◆ Task goal ◆
Word for word, copy every line of the data.

◆ Data provided ◆
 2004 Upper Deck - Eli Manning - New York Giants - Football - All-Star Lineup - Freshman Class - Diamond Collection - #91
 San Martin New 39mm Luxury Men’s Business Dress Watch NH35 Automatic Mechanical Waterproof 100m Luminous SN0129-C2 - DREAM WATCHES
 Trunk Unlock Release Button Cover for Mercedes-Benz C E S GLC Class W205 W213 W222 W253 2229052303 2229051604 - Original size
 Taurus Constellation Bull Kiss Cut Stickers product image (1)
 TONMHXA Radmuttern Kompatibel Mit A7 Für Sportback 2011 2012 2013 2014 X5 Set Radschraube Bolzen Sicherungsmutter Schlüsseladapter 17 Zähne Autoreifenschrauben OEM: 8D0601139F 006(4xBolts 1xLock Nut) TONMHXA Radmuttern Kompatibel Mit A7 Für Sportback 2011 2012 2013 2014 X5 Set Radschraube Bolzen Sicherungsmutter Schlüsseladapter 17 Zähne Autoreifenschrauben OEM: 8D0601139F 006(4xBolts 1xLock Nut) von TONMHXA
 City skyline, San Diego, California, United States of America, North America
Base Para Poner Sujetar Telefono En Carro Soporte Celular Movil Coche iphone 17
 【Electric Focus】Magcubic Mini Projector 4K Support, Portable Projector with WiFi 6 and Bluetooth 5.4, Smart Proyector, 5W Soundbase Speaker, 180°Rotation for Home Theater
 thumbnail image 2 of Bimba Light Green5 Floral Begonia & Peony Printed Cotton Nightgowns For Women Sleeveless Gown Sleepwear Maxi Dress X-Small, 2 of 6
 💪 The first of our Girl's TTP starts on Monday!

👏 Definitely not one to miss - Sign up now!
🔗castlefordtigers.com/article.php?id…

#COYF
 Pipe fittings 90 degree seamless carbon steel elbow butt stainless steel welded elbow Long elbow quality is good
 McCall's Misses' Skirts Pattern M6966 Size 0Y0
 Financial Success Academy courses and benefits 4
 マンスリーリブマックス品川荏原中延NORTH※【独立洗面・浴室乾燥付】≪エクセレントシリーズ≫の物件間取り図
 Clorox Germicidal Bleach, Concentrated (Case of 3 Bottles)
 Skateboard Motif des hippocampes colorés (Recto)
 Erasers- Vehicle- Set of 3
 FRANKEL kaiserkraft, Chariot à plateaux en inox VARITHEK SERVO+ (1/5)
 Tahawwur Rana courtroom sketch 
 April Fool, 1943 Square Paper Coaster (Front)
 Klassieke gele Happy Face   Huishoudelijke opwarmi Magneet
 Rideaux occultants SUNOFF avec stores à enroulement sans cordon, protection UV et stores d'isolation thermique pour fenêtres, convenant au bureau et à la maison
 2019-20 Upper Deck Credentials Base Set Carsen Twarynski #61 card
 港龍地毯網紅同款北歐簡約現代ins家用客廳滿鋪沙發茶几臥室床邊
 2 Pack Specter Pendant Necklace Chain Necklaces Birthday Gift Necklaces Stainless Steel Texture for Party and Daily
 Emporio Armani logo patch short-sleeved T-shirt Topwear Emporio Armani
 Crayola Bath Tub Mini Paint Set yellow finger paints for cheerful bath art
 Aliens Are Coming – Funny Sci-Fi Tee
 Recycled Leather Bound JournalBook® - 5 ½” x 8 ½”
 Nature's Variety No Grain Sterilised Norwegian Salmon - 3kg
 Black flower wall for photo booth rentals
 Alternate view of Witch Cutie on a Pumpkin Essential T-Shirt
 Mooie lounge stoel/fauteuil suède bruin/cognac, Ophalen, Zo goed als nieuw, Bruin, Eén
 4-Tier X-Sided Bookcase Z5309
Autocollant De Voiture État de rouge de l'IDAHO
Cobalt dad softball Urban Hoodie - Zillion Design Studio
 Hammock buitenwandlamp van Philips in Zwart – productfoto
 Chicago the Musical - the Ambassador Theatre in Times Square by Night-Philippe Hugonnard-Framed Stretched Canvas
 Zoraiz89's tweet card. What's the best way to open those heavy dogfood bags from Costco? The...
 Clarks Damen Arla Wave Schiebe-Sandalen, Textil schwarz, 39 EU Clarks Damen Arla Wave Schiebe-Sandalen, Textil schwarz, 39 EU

◆ Written answer ◆
 2004 Upper Deck - Eli Manning - New York Giants - Football - All-Star Lineup - Freshman Class - Diamond Collection - #91
 San Martin New 39mm Luxury Men’s Business Dress Watch NH35 Automatic Mechanical Waterproof 100m Luminous SN0129-C2 - DREAM WATCHES
 Trunk Unlock Release Button Cover for Mercedes-Benz C E S GLC Class W205 W213 W222 W253 2229052303 2229051604 - Original size
 Taurus Constellation Bull Kiss Cut Stickers product image (1)
 TONMHXA Radmuttern Kompatibel Mit A7 Für Sportback 2011 2012 2013 2014 X5 Set Radschraube Bolzen Sicherungsmutter Schlüsseladapter 17 Zähne Autoreifenschrauben OEM: 8D0601139F 006(4xBolts 1xLock Nut) TONMHXA Radmuttern Kompatibel Mit A7 Für Sportback 2011 2012 2013 2014 X5 Set Radschraube Bolzen Sicherungsmutter Schlüsseladapter 17 Zähne Autoreifenschrauben OEM: 8D0601139F 006(4xBolts 1xLock Nut) von TONMHXA
 City skyline, San Diego, California, United States of America, North America
Base Para Poner Sujetar Telefono En Carro Soporte Celular Movil Coche iphone 17
 【Electric Focus】Magcubic Mini Projector 4K Support, Portable Projector with WiFi 6 and Bluetooth 5.4, Smart Proyector, 5W Soundbase Speaker, 180°Rotation for Home Theater
 thumbnail image 2 of Bimba Light Green5 Floral Begonia & Peony Printed Cotton Nightgowns For Women Sleeveless Gown Sleepwear Maxi Dress X-Small, 2 of 6
 💪 The first of our Girl's TTP starts on Monday!

👏 Definitely not one to miss - Sign up now!
🔗castlefordtigers.com/article.php?id…

#COYF
 Pipe fittings 90 degree seamless carbon steel elbow butt stainless steel welded elbow Long elbow quality is good
 McCall's Misses' Skirts Pattern M6966 Size 0Y0
 Financial Success Academy courses and benefits 4
 マンスリーリブマックス品川荏原中延NORTH※【独立洗面・浴室乾燥付】≪エクセレントシリーズ≫の物件間取り図
 Clorox Germicidal Bleach, Concentrated (Case of 3 Bottles)
 Skateboard Motif des hippocampes colorés (Recto)
 Erasers- Vehicle- Set of 3
 FRANKEL kaiserkraft, Chariot à plateaux en inox VARITHEK SERVO+ (1/5)
 Tahawwur Rana courtroom sketch 
 April Fool, 1943 Square Paper Coaster (Front)
 Klassieke gele Happy Face   Huishoudelijke opwarmi Magneet
 Rideaux occultants SUNOFF avec stores à enroulement sans cordon, protection UV et stores d'isolation thermique pour fenêtres, convenant au bureau et à la maison
 2019-20 Upper Deck Credentials Base Set Carsen Twarynski #61 card
 港龍地毯網紅同款北歐簡約現代ins家用客廳滿鋪沙發茶几臥室床邊
 2 Pack Specter Pendant Necklace Chain Necklaces Birthday Gift Necklaces Stainless Steel Texture for Party and Daily
 Emporio Armani logo patch short-sleeved T-shirt Topwear Emporio Armani
 Crayola Bath Tub Mini Paint Set yellow finger paints for cheerful bath art
 Aliens Are Coming – Funny Sci-Fi Tee
 Recycled Leather Bound JournalBook® - 5 ½” x 8 ½”
 Nature's Variety No Grain Sterilised Norwegian Salmon - 3kg
 Black flower wall for photo booth rentals
 Alternate view of Witch Cutie on a Pumpkin Essential T-Shirt
 Mooie lounge stoel/fauteuil suède bruin/cognac, Ophalen, Zo goed als nieuw, Bruin, Eén
 4-Tier X-Sided Bookcase Z5309
Autocollant De Voiture État de rouge de l'IDAHO
Cobalt dad softball Urban Hoodie - Zillion Design Studio
 Hammock buitenwandlamp van Philips in Zwart – productfoto
 Chicago the Musical - the Ambassador Theatre in Times Square by Night-Philippe Hugonnard-Framed Stretched Canvas
 Zoraiz89's tweet card. What's the best way to open those heavy dogfood bags from Costco? The...
 Clarks Damen Arla Wave Schiebe-Sandalen, Textil schwarz, 39 EU Clarks Damen Arla Wave Schiebe-Sandalen, Textil schwarz, 39 EU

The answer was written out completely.